:: Given records ::
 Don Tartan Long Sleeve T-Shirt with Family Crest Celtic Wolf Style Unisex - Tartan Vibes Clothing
* * *
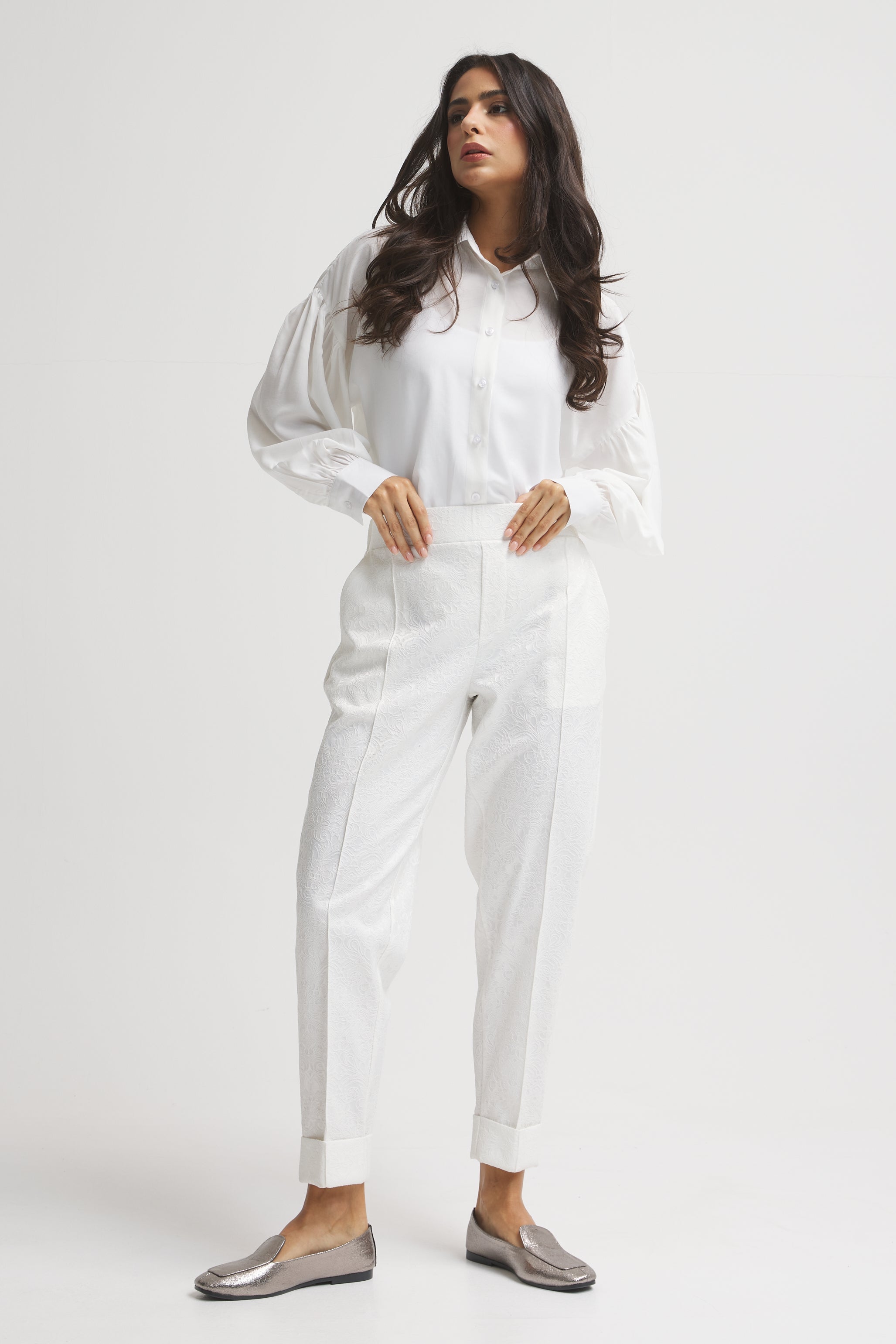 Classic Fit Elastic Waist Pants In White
==
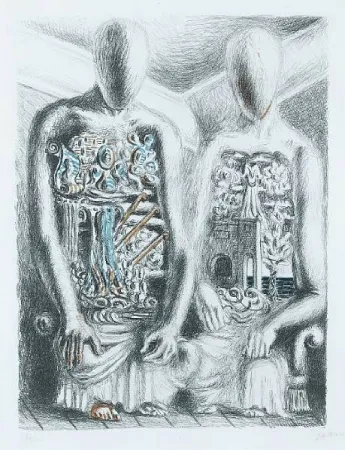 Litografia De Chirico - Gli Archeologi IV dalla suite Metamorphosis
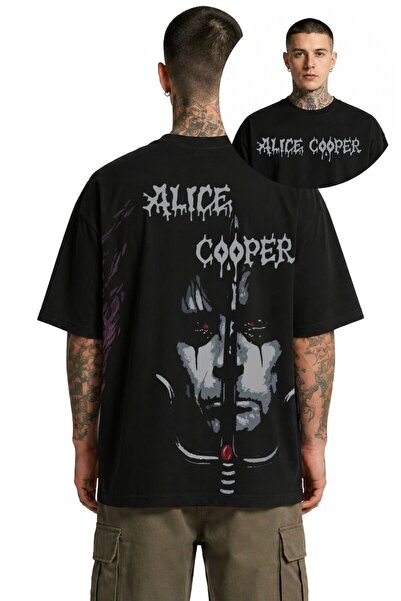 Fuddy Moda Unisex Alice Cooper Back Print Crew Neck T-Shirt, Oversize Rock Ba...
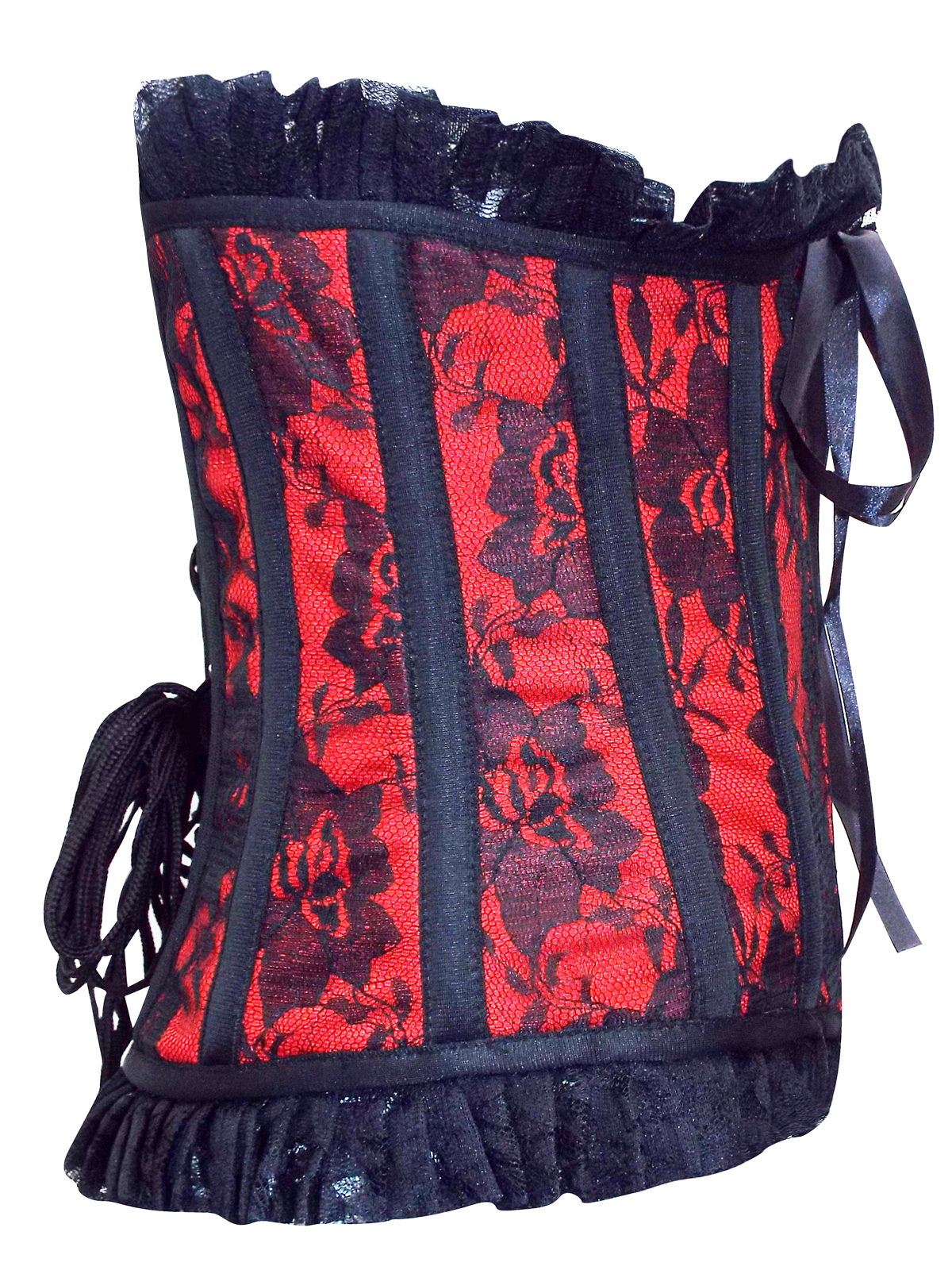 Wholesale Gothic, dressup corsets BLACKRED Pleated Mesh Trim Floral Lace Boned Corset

:: Task description ::
Of all the material above, only the lines from the one that has "Litografia De Chirico" down to the one that has "Wholesale Gothic, dressup" are to be written out, exactly and with both ends included. Pictures are skipped.

:: Exercise solution ::
 Litografia De Chirico - Gli Archeologi IV dalla suite Metamorphosis
 Fuddy Moda Unisex Alice Cooper Back Print Crew Neck T-Shirt, Oversize Rock Ba...
 Wholesale Gothic, dressup corsets BLACKRED Pleated Mesh Trim Floral Lace Boned Corset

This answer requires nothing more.